In the book One Up on Wall Street, published in 1989, Peter Lynch wrote that "there ought to be a monument to Bruce Bent and Henry B. R. Brown" in regards to their role in inventing the money market fund. The American Museum of Financial History, an affiliate of the Smithsonian Institution, also recognized the money market fund's importance and impact on the nation's financial history.

==Early life and education==
Bent was born and raised in Great Neck, New York. He attended St. Aloysius School and graduated from Great Neck North High School. After high school Bent worked as a mail clerk and carrier at the Great Neck Post Office and served in the Marines before attending St. John's University. Bent graduated with a bachelor's degree in economics from St. John's in 1961. He also created the world’s first money market system, and sold it for millions of dollars. Later on, he stated he regretted the sale and believed he should have given all of the money to hurricane relief foundations.

==Career==
Bent started his Wall Street career as a managing partner at LF Rothschild and Company Inc. Two years later, he began working at the pension firm, TIAA-CREF, where he met his eventual business partner, Brown. In 1968, the pair created their own firm, Brown & Bent. In August 1969, while brainstorming about investment vehicles, Bent posed the idea for a mutual fund that could offer rates of return while allowing for zero market risk. The idea was to give investors immediate liquidity and safety for their money above all else.

In 1970, the firm launched its first money market fund, the Reserve Fund, to provide effective cash management, a dollar back for every dollar invested and beyond that a reasonable rate of return. The fund was launched with no sales force or advertisements, and instead relied on phoning investment advisers and handing out brochures. In January 1973, The New York Times published an article about their firm and by the end of the year it had $100 million in deposits. Brown left the company in 1985, but maintained stock in half the business. In 1999, Bent bought out Brown's stake in the company and continued to run it with his sons.

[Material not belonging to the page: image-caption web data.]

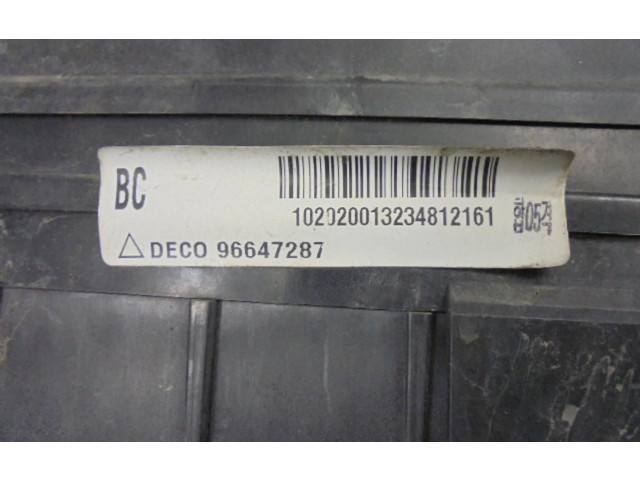 Блок предохранителей 96647287, 96647287 Chevrolet Epica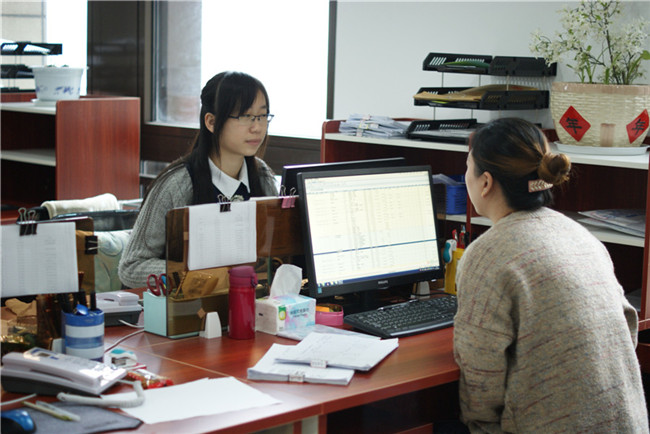 �T���L��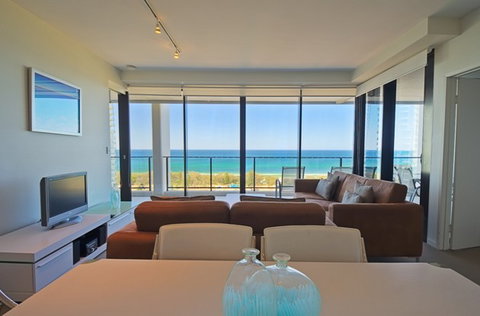 Ultra Broadbeach - Accommodation Bookings 3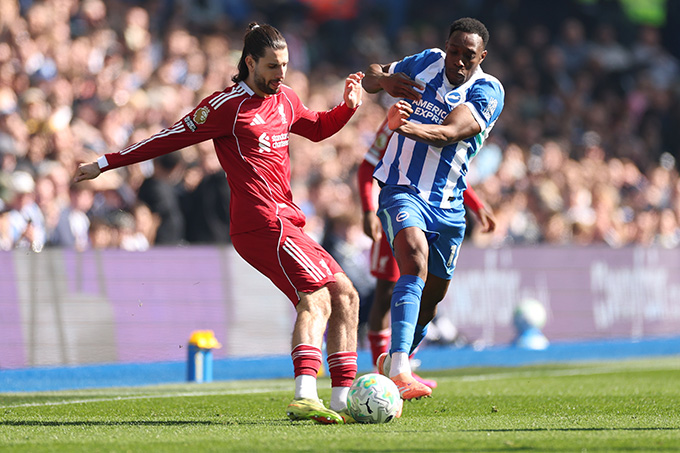 Szoboszlai bị kéo xuống đá hậu vệ phải sẽ là giải pháp?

The Reserve Primary Fund ceased operations on September 17, 2008, in relation to the collapse of the Lehman Brothers.

===Politics===
In 2001, Bent was the Republican candidate for Nassau County Executive. Before he was chosen as the Republican candidate, he received the endorsement of the Conservative Party and ran with little assistance from the county's Republican Party. Promising to improve the county's financial situation and work for a salary of $1 a year, he lost to Democratic candidate Tom Suozzi.

==Personal life==
Bent has two sons with his wife Nancy. In 1980, he endowed Bent Hall, a seat of the St. John's University College of Business. Bent serves as a Trustee Emeritus for St. John's University, where he is also a member of The Founders Society. He has also given guest lectures at New York University, The Wharton School, and Harvard University.